Pengusaha China Surati Prabowo, Keluhkan Regulasi
Latest Program – Kamar Dagang dan Industri (Kadin) Tiongkok di Indonesia, dikenal sebagai China Chambers of Commerce in Indonesia (CCCI), mengirimkan surat ke Prabowo Subianto sebagai mantan Presiden Indonesia. Surat ini menyampaikan keluhan para pengusaha Tiongkok terkait berbagai regulasi yang dianggap menghambat dinamika investasi dan pertumbuhan ekonomi di negara ini. Meski mengakui manfaat dari Latest Program dalam mendorong kerja sama ekonomi, mereka menyebut adanya kebijakan yang berdampak signifikan pada operasional perusahaan dan kepercayaan investor.
Isu Utama dalam Surat
Berdasarkan salinan surat yang beredar, para pengusaha Tiongkok mengungkapkan enam tantangan utama yang menjadi sorotan. Pertama, kenaikan pajak dan pungutan seperti royalti mineral serta denda yang dianggap terlalu tinggi, mengurangi keuntungan bisnis. Kedua, wajib menempatkan devisa hasil ekspor sumber daya alam (DHE SDA) di bank lokal, yang menurut mereka berpotensi mengganggu likuiditas perusahaan. Ketiga, pengurangan kuota bijih nikel mencapai 70% atau sekitar 30 juta ton, yang berdampak pada produksi dan ekspor sektor pertambangan.
“Regulasi terkini, termasuk Latest Program, telah menciptakan ketidakpastian bagi bisnis Tiongkok, memperumit proses investasi, dan melemahkan kepercayaan terhadap kebijakan jangka panjang,” tulis surat tersebut.
Keempat, penegakan hukum di sektor kehutanan yang dianggap terlalu ketat, membuat pengusaha sulit memperoleh izin untuk mengembangkan proyek. Kelima, penundaan sejumlah proyek besar akibat banjir, seperti pembangkit listrik tenaga air, mempercepat ketidakpuasan terhadap lingkungan usaha. Keenam, aturan visa kerja yang semakin ketat, termasuk biaya dan syarat yang meningkat, menyulitkan pengisian tenaga kerja asing untuk memenuhi kebutuhan operasional.
Para pengusaha juga menyebutkan kebijakan pemerintah yang berdampak langsung pada biaya produksi, seperti kenaikan Harga Patokan Mineral (HPM) nikel dan perubahan formula harga untuk kobalt, besi, serta mineral lainnya. Kebijakan ini, menurut mereka, meningkatkan biaya operasional hingga 200%, yang berpotensi mengurangi daya saing industri Tiongkok di pasar Indonesia.

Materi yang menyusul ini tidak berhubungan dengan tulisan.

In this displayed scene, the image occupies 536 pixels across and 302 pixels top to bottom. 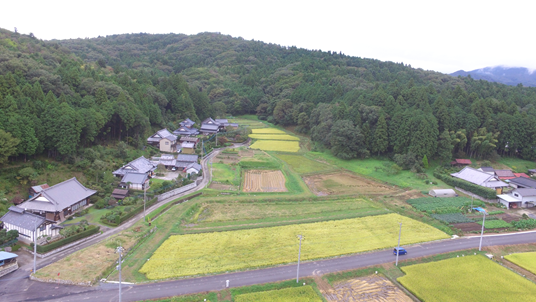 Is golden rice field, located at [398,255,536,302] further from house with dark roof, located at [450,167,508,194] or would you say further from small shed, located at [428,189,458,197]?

Respons dan Langkah Pemerintah
Kementerian Investasi dan Badan Koordinasi Penanaman Modal (BKPM) menilai surat dari Kadin Tiongkok sebagai masukan penting untuk evaluasi kebijakan. Wakil Menteri Todotua Pasaribu menjelaskan bahwa pemerintah terus mengawasi dinamika ekonomi dan berupaya menyesuaikan regulasi dengan kebutuhan investor. Ia menegaskan bahwa pihaknya berkomitmen untuk memperbaiki kebijakan yang dianggap kurang mendukung.
“Latest Program bertujuan untuk menciptakan lingkungan bisnis yang lebih sehat, dan pemerintah terus berupaya memperkuat kepastian hukum serta transparansi dalam proses investasi,” jelas Todotua Pasaribu.
Dalam surat tersebut, Kadin Tiongkok juga menyoroti rencana pungutan ekspor baru dan penghapusan insentif untuk kendaraan listrik. Mereka meminta pemerintah meninjau ulang kebijakan ini agar tidak mengganggu minat investor. Selain itu, para pengusaha mengharapkan adanya koordinasi yang lebih baik antar lembaga pemerintah untuk menghindari konflik regulasi yang menghambat pertumbuhan usaha.
Kebijakan yang dianggap kurang optimal oleh para investor Tiongkok menimbulkan kekhawatiran terhadap ketahanan ekonomi Indonesia. Dalam suratnya, mereka menekankan pentingnya penyesuaian regulasi agar bisa menjaga daya saing lingkungan usaha dan mempertahankan posisi Indonesia sebagai destinasi investasi strategis. Meski menilai Latest Program sebagai langkah yang baik, mereka mengharapkan kebijakan tersebut tidak terlalu berat bagi sektor swasta.